Getting weirdly small cdf and pdf values for a set of data of 5 members in R

Question

I am doing a Weibull and normal distribution analysis for a set of my data which are :

336256 620316 958846 1007830 1080401

So to avoid putting the whole code here, I refer you directly to the post I followed :

link

The PDF and CDF plots I get are so small and get this form :

Just as info , I put the Weibull distribution results here , to show the values that are small as well :

update :

as per request I put the code to plot pdf here :

my data are as indicated 336256 620316 958846 1007830 1080401

so to reproduce the code, you need to save it as csv and run this code, on your directory. My problem is that I can change and scale the graphs on

xs <- seq(0, 5, len=500)

by changing to :

xs <- seq(10, 1650000, len=5000)

I get :

The problem is when I change the second and third argument , I mean :

1650000 and len=5000 to for example 9650000, len=5000 , the peaks position also displace and don't remain in the same place so it's not only a re scaling the graph.

#-----------------------------------------------------------------------------
# 5. Bootstrapping the pointwise confidence intervals
#-----------------------------------------------------------------------------
library(MASS) 
library(car)

set.seed(123)

rw.small <- c(336256,620316,958846,1007830,1080401)

xs <- seq(0, 5, len=500)


boot.pdf <- sapply(1:1000, function(i) {
  xi <- sample(rw.small, size=length(rw.small), replace=TRUE)

}
)

boot.cdf <- sapply(1:1000, function(i) {
  xi <- sample(rw.small, size=length(rw.small), replace=TRUE)

}
)   

#-----------------------------------------------------------------------------
# Plot PDF
#-----------------------------------------------------------------------------

par(bg="white", las=1, cex=1.2)
plot(xs, boot.pdf[, 1], type="l", col=rgb(.6, .6, .6, .1), ylim=range(boot.pdf),
     xlab="x", ylab="Probability density")
for(i in 2:ncol(boot.pdf)) lines(xs, boot.pdf[, i], col=rgb(.6, .6, .6, .1))

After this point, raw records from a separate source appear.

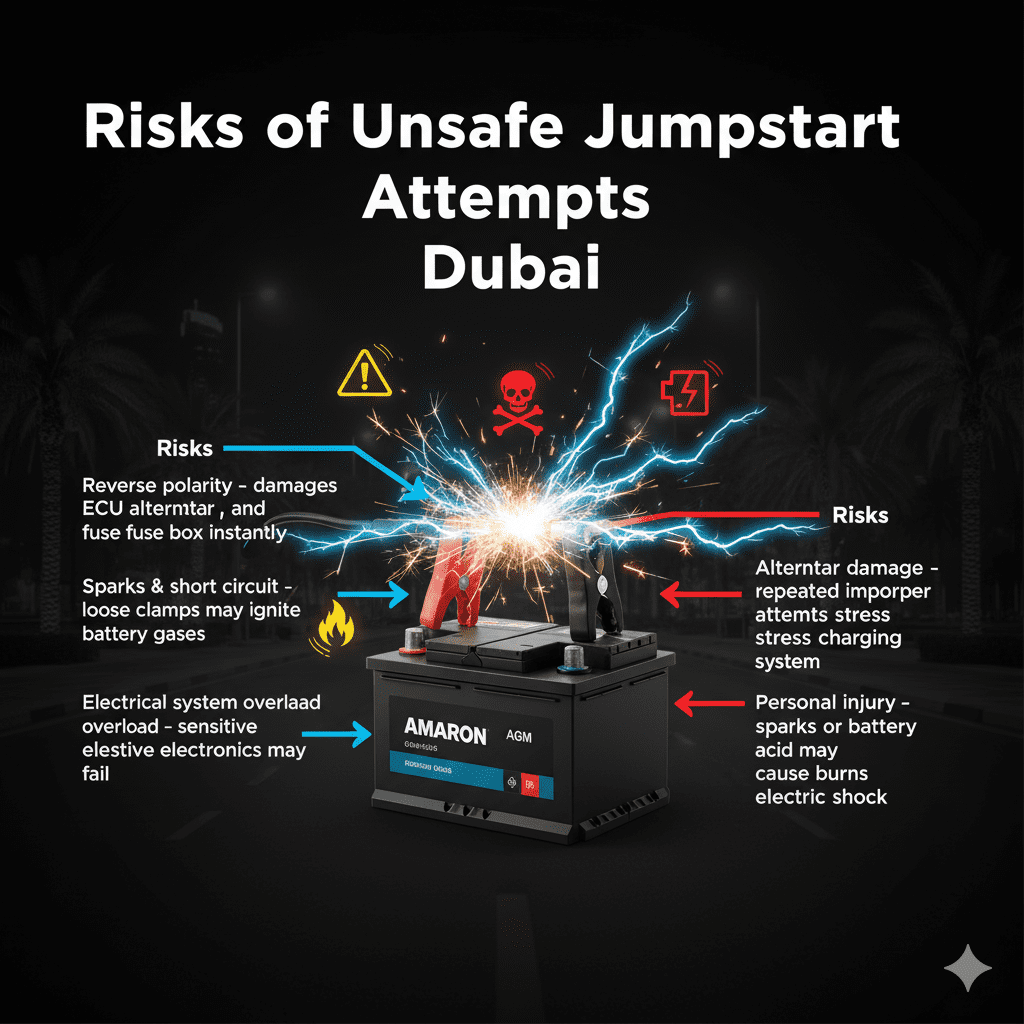 Infographic showing the risks of unsafe jumpstart attempts in Dubai, with a central battery, incorrectly connected jumper cables, and side bullet points highlighting reverse polarity, sparks, electrical overload, alternator damage, and personal injury.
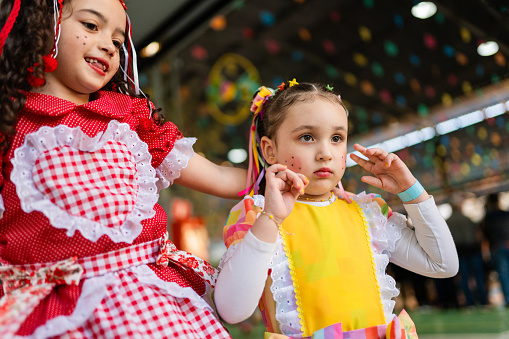 Little girls dancing at the June festival.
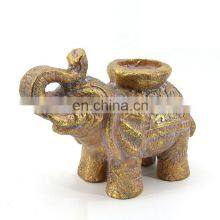 K&B high quality mini elephant shape gold resin desktop candle light stick holders wedding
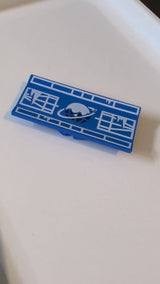 6x3 Fahrzeug, Spoiler / Pflugschild mit Scharnier mit Eisplaneten- und mechanischem Muster blau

# Add pointwise confidence bands

quants <- apply(boot.pdf, 1, quantile, c(0.025, 0.5, 0.975))
min.point <- apply(boot.pdf, 1, min, na.rm=TRUE)
max.point <- apply(boot.pdf, 1, max, na.rm=TRUE)
lines(xs, quants[1, ], col="red", lwd=1.5, lty=2)
lines(xs, quants[3, ], col="red", lwd=1.5, lty=2)
lines(xs, quants[2, ], col="darkred", lwd=2)
#lines(xs, min.point, col="purple")
#lines(xs, max.point, col="purple")

*"I still get"* that is because you still didn't scale it properly enough. This still seems to be just a matter of making the graphs. Scale the graphs differently and you will be able to align them with the left graphs in your Weibull results overview (these have more on the x-scale, showing more of the entire curve, and less on the, taller, y-scale making the curve less flat). If after correct scaling you still do not get a good result, then show your (reproducible) code or otherwise it will be difficult to see what else could have gone wrong (it isn't clear how the code in the link is used). — Sextus Empiricus, Aug 05 '18 at 21:58
Note that small values for a pdf are perfectly fine. It is a probability *density* function, which will be lower if the total probability (the integrated total/mass/area will be 1) is spread out over a longer range events. — Sextus Empiricus, Aug 05 '18 at 22:10
@MartijnWeterings Thank you very much, I updated my question please check it — FabioSpaghetti, Aug 06 '18 at 07:10
*"The problem is when I change the second and third argument , I mean : 1650000 and len=5000 to for example 9650000, len=5000 , the peaks position also displace and don't remain in the same place so it's not only a re scaling the graph"* I don't see the problem. Can you explain it more. (also, is this question answered or not?, you have accepted the answer below, but you have made additional questions in the comments afterwards) — Sextus Empiricus, Aug 06 '18 at 11:18
@MartijnWeterings You are right , I did not have to accept yet. Ok the problem is that I thought that I only should re scale the graph to see more of it, but changing the len and maximum xi in the line I mentioned above, not only I re scaled the graph but I was also changing its values. This is my problem. I wish I was clear enough. I had fitdistr in my code, I added it now — FabioSpaghetti, Aug 06 '18 at 11:21
@MartijnWeterings I am very sorry! It had to be replaced with rw.small, cause rw.small was random , but I had to exert it on my data ! now it should work — FabioSpaghetti, Aug 06 '18 at 11:40
Are you able to do a favor to me, and edit the code ? now What I am not sure is which parts of the code are not needed to generate those plot, I believe all is needed — FabioSpaghetti, Aug 06 '18 at 11:42
Thanks a lot for your effective edits,should I accept them ? — FabioSpaghetti, Aug 06 '18 at 11:45
Let us [continue this discussion in chat](https://chat.stackexchange.com/rooms/81208/discussion-between-fabiospaghetti-and-martijn-weterings). — FabioSpaghetti, Aug 06 '18 at 11:48

score 7 · Answer 1 · answered Aug 05 '18 at 21:20

7

The scale of $x$ on your graphs is nowhere near the five observed values (which have a mean value of 800,729.8, a minimum value of 336,256, and maximum of 1,080,401), and therefore you would expect the very small probabilities on your $y$ axis.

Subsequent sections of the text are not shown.